Smythe might have been a humorless and self-aggrandizing man at sea level but under the effects of hypoxia a yogi-like calm descended on him. It was in such a state that he reached the far side of the Great Couloir by 10:00 a.m. Here he planned to ascend the smaller couloir straight up the face of the final pyramid. But the snow was as soft and loose as goose down and swallowed him up to his thighs. Two weeks earlier, they had climbed 1,000 feet in an hour. Now he progressed less than a foot a minute and every step forward put him a step away from a safe return. He gave up.
The Dalai Lama ascribed the expedition’s failure to the rage of the mountain’s guardian deities. But Eric Shipton felt the entire vision of the expedition was suspect. The trip across the Tibetan Plateau had involved thousands of pack animals. There was a contingent of signal corps officers, armed guards, and seventy-two Sherpas and Bhotias to ferry supplies to and from the high camps. These supplies included tins of herring, smoked salmon, lobster, crab, salmon, asparagus, caviar, and foie gras. Dozens of cases had been left behind, a colossal waste of money and the porters who brought them there. Did every climber require a tent and personal servant? Including those never called? Ruttledge’s obsession with acclimatization meant that the deterioration that set in at high altitudes had time to get a foothold.
Meanwhile the air commodore who flew over Everest was comparing his triumph to Alexander’s conquest of India. He quoted Napoleon’s “he who holds India, holds the world” to underscore the tortured conceit that Everest, a mountain that wasn’t even in India, was a proxy for England’s global domination. He didn’t hesitate to declare the failure of the mountaineers’ expedition “a splendid achievement,” as if the magnetic field surrounding Everest could bend a logic that prevailed elsewhere. When, defying Lady Houston, a second flight was made, the pilots congratulated themselves on their daring. The survey strips had magnificent definition, unbroken continuity, and were precisely overlapped.
Michael Spender, who had perfected the use of aerial photography while mapping the coastal mountains of East Greenland that summer, was dismissive. Around Everest, the enormous range in mountain heights meant that the distortions of vertical photography were extreme. The plane should have carried an additional fixed camera to capture the differences in their relative heights. Then the resulting survey strips might have been plotted against existing ground surveys to create a map of the Everest region. As it was, the pilots put a pretty face on things to hit the obligatory note of triumph.

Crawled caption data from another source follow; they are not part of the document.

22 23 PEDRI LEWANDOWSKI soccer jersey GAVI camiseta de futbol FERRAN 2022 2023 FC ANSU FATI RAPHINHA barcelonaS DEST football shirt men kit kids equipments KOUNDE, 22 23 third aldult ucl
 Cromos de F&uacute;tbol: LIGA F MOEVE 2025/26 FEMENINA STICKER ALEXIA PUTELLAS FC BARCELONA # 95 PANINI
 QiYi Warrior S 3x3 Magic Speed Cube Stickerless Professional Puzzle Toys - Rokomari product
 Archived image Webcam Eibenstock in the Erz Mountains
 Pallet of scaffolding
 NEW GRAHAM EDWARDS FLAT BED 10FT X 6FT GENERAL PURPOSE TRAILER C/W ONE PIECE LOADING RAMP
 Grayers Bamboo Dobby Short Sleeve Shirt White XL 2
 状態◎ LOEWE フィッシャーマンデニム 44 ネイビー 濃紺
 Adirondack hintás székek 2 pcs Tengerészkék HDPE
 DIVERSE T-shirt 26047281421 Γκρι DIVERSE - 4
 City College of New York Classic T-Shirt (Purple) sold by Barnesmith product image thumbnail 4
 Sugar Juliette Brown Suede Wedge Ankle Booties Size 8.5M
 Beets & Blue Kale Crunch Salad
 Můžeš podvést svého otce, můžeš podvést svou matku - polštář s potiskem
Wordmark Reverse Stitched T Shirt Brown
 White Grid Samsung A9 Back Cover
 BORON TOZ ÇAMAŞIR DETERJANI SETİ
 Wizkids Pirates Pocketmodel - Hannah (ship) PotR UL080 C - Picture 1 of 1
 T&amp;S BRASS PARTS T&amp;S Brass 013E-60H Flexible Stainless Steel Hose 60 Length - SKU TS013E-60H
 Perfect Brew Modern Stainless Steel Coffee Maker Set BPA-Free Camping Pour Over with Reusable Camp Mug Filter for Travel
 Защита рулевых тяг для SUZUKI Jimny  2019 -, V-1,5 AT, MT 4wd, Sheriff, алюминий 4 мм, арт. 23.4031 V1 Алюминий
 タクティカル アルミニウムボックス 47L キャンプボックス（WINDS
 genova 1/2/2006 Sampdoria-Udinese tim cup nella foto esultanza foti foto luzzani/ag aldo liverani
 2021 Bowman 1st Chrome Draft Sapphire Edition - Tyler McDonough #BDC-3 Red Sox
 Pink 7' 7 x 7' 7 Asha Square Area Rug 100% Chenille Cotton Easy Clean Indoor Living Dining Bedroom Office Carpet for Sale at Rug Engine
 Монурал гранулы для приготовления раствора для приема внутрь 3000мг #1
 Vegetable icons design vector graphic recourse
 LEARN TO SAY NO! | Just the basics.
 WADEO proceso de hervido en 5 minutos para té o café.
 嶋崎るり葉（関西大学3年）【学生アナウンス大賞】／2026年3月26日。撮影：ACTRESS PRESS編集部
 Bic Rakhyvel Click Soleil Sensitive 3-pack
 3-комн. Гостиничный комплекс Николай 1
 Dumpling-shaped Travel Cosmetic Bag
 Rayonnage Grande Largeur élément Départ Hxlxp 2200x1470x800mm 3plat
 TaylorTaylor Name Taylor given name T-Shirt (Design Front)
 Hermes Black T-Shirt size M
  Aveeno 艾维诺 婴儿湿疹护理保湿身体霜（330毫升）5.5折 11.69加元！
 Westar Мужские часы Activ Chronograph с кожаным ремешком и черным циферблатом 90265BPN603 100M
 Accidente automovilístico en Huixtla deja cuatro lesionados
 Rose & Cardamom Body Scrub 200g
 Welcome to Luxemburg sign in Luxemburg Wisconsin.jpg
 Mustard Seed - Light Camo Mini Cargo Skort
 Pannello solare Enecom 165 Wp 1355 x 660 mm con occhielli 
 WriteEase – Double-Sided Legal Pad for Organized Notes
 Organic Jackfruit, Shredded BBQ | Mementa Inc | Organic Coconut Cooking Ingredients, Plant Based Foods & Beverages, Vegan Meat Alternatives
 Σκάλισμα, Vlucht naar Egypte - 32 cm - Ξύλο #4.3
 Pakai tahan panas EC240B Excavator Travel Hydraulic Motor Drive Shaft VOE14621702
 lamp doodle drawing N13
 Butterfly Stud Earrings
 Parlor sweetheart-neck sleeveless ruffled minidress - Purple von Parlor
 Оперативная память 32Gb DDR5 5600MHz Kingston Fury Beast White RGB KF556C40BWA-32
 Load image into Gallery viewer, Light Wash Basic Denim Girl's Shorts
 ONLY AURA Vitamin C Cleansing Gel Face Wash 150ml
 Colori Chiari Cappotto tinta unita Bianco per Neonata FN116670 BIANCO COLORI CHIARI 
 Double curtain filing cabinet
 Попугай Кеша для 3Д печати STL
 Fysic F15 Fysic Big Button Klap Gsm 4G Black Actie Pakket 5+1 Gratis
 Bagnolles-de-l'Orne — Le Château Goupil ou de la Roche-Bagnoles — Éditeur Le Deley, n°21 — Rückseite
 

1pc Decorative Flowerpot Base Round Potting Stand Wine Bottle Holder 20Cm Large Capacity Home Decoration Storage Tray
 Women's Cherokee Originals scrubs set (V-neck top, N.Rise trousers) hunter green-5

Bill Wager blamed Ruttledge for the failure of the 1933 Everest expedition. After trashing the man in a letter to John, Wager had gone on to note that John shared one of Hugh Ruttledge’s mannerisms. It wasn’t an India thing, or anything deplorable, he said, just some tic he had ever since he’d known him.
He stopped there, leaving John beside himself with worry over what it was. That was Wager’s idea of fun.
CHAPTER 8
Goddess Mother of the World
The Grand Hotel, Chowringhee Street, Calcutta,
May 20, 1935
The Grand Hotel had an extravagant white-pillared colonnade that stretched down an entire block. This afforded the veranda above a spectacular view of the Maidan and the Victoria Memorial. But that afternoon it was the dining room of the Grand, where high officials went to see and be seen, that had the most interesting sight. Had the viceroy himself made an appearance he would not have turned as many heads as the spectacle of Eric Shipton and his ragtag entourage arriving for lunch.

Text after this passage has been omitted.